Sides v. Sides
Before: Shinn
SHINN, P. J.
Grace Sides brought this action against her divorced husband, Hollis Sides (herein called defendant), and his second wife Jewell. Plaintiff seeks to establish an interest in property alleged to have been concealed from her at the time of her divorce from Hollis and the execution of a property settlement agreement which was approved by the interlocutory decree. Copies of the decree and the agreement were attached to the complaint.
It was alleged that the parties were married September 3, 1930; two children, still minors, were born; plaintiff sued for divorce July 1, 1945; a property settlement agreement was entered into December 31, 1946; an interlocutory decree
[351]
was entered in plaintiff’s favor February 25, 1947, and the present action was instituted January 2, 1952.

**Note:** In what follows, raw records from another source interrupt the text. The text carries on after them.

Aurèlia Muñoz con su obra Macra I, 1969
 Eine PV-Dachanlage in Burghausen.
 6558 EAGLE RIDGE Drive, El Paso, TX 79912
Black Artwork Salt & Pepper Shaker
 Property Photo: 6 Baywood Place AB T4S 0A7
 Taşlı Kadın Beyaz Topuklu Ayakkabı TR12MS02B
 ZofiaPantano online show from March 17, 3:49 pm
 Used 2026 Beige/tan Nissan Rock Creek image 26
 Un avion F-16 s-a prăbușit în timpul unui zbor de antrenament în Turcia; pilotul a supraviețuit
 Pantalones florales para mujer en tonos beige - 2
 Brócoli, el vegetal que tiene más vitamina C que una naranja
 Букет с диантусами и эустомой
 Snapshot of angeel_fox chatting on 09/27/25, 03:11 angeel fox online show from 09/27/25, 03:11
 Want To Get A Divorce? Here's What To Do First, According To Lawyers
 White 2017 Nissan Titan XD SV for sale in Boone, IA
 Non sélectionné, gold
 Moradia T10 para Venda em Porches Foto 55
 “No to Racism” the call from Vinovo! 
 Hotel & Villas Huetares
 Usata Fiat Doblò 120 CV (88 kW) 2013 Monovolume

The property settlement agreement listed property of the community and contained a representation by each party that the same described all the property which he or she owned or controlled and it provided “in the event property not described herein is disclosed it is agreed that each party is entitled to an undivided one-half interest therein.”
The complaint was in two causes of action. In the first it was alleged on information and belief that at the time of the agreement defendant possessed and had under his control “cash and other properties, according to plaintiff’s information and belief, the exact nature, amount and location of which are unknown to plaintiff but known to defendant Sides (except that plaintiff is informed and believes and therefore alleges the same exceeded $25,000 in value), all of which were their community property and in addition to the community property listed in Exhibit ‘B,’ ” and it was alleged that the ownership of such other property was intentionally and fraudulently concealed from plaintiff, who was deceived thereby. It was also alleged that defendant was a physician; he represented that he was in ill health, he would have to limit his work, he had no source of income except about $14,000 a year from his practice, he had no other assets, was in straitened financial circumstances, substantially indebted, would leave the state and not support plaintiff and the children unless a property settlement was agreed upon, and would have to encumber his properties to meet his obligations under the agreement. It was also alleged that upon various occasions after the agreement was made, the dates of which plaintiff could not recall, defendant represented that he was in straitened circumstances, substantially indebted and that all his properties were encumbered.